SO, where do Meath even start tomorrow? Mick O’Dowd has built the best team he could possibly have built for this game, and his four years of hard and largely unrewardin­g work should not be dismissed out of hand. That’s not what I am doing here this morning. Meath’s Micko has done as much as any man in the county could have done in this period of time.

But Meath are smaller than Dublin (shorter and physically inferior), they are not even half as accomplish­ed as a unit, and they possess no legitimate ‘genius’ in their forward division — while their opponents have Bernard Brogan and Ciarán Kilkenny and three other candidates for such a title on any given day.

The bigger question is who’s going to lead Meath on this occasion. Graham Reilly is an eight-year veteran of the team and, on occasions, fills that role with his powerful direct running. At the back, team captain Donal Keoghan, four years in the making as a Meath footballer, can also fill that role.

There are no other true leaders in green and gold, while Dublin have Stephen Cluxton, Cooper and Philly McMahon, Cian O’Sullivan and James McCarthy, Michael Darragh Macauley whether he starts or is dropped into a game, Kilkenny, Paul Flynn, and Brogan.

Again, advantage Dublin, in a serious way.

Defend as though their lives depend upon it and Meath will be overrun. Run at Dublin with abandon — run for their lives — and they might be ripped apart on the counter attack.

Neither do Meath have the luxury of belting high balls into a Dublin full-back line that looked under some pressure when Laois’ Donie Kingston offered himself as a target man in the quarter-final.

There’s no giant, or barrel of a man, on this Meath team.

We are indeed at a point in time in Meath and Dublin history where a once great rivalry has clearly evaporated. No rivalry, and no level of genuine respect remains.

In their own quarter-final two weeks ago, Meath defeated Louth by four points in Parnell Park — Dublin’s training ground, which was not a very subtle message from the Leinster Council confirming Meath’s place in the province’s pecking order.

The real trouble in Leinster, however, is that Meath, as in the past, are the only team who can ever possibly rival the champions.

‘If there’s one team in Leinster that can beat Dublin, it’s Meath,’ stated Graham Reilly last weekend and confirming that in the Royal County, and deep within Mick O’Dowd’s dressing room, a belief is still being fed that when they take the dance-floor with Dublin everyone watching gasps with anticipati­on.

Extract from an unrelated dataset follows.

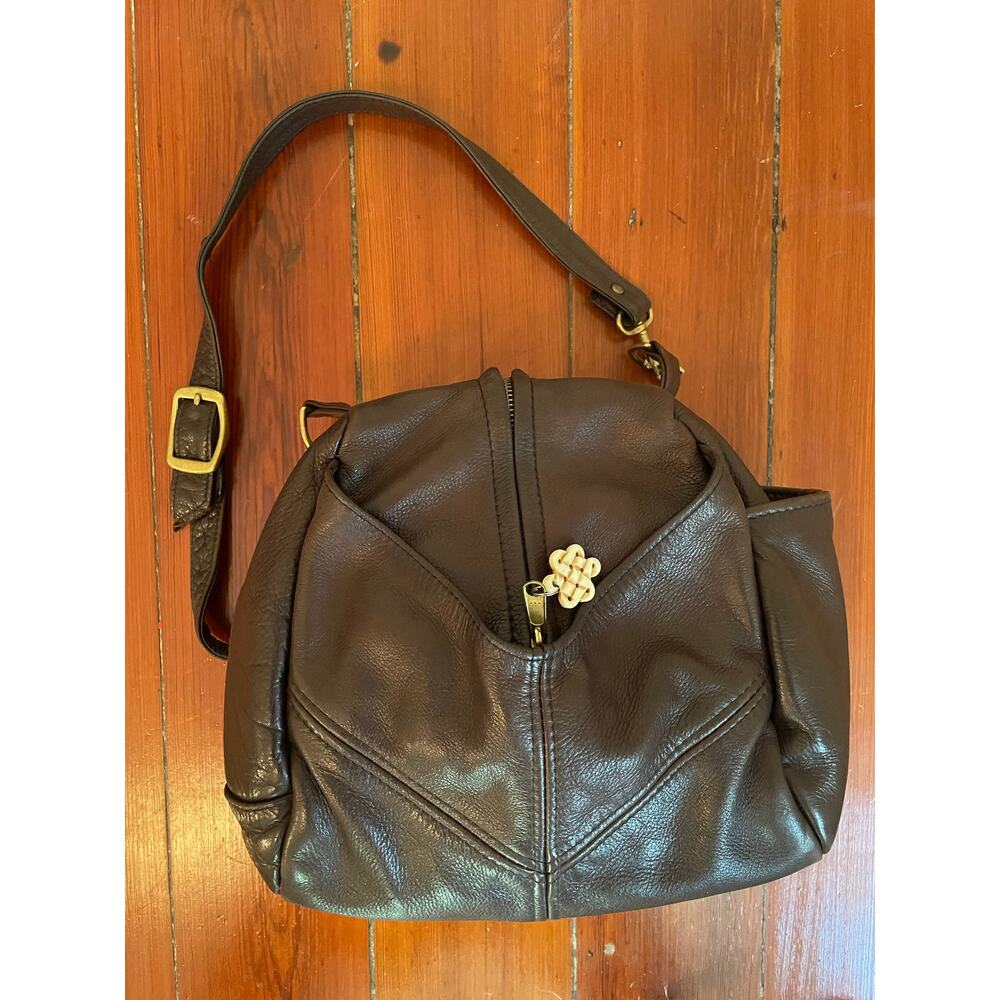 Victoria Leather Co. Vintage Genuine Leather Shoulder Bag Satchel Brown USA Made - Picture 5 of 7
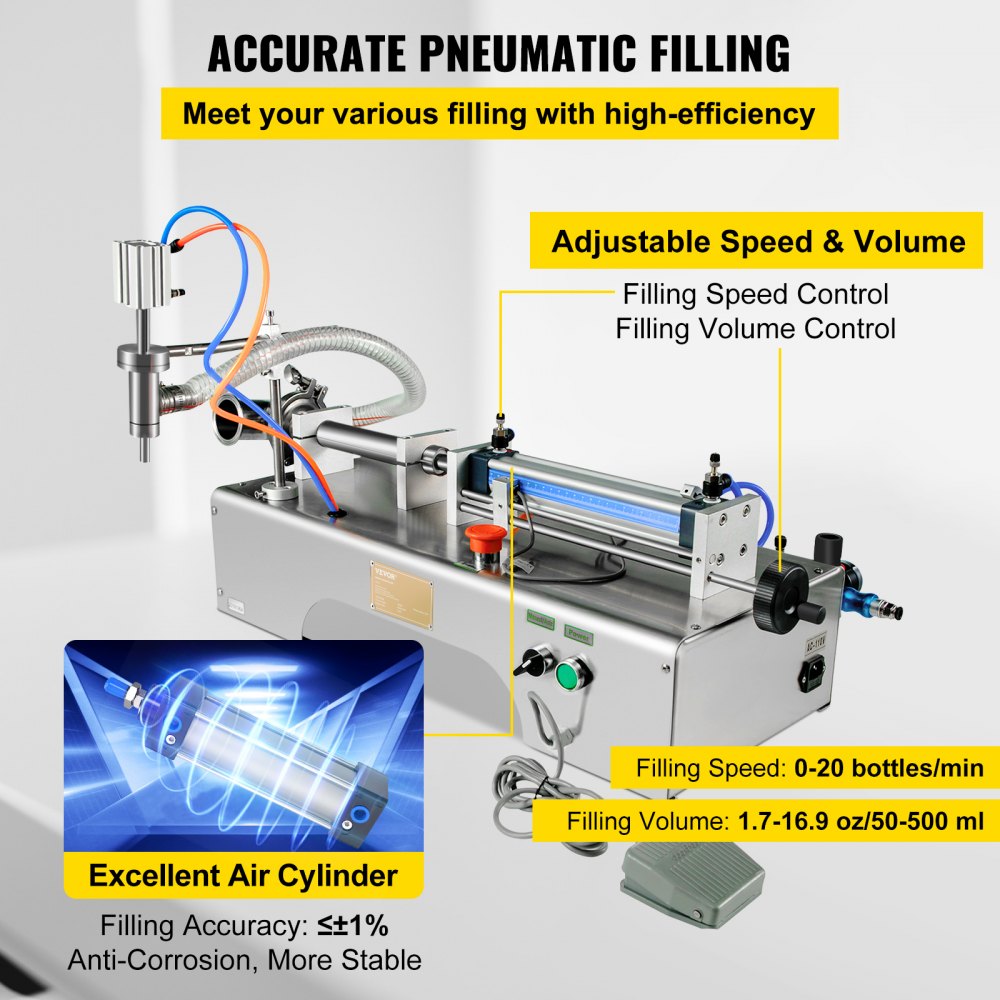 VEVOR Máquina de llenado de líquidos neumática horizontal 50-500 ml, máquina de llenado de botellas neumática de un solo cabezal, llenador de líquidos semiautomático 0.4-0.6MP Presión de aire para líquidos de agua y aceite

Johnny Cooper and Graham Reilly are world’s apart in their view of tomorrow’s game. Folklore vs a blood-curdling rivalry?

The scoreboard will soon let us know.

 ?? SPORTSFILE ?? Folklore: Jonny Cooper (main) was two when Dublin’s Niall Guiden and Colm Coyle of Meath clashed in 1991 (above)
SPORTSFILE Folklore: Jonny Cooper (main) was two when Dublin’s Niall Guiden and Colm Coyle of Meath clashed in 1991 (above)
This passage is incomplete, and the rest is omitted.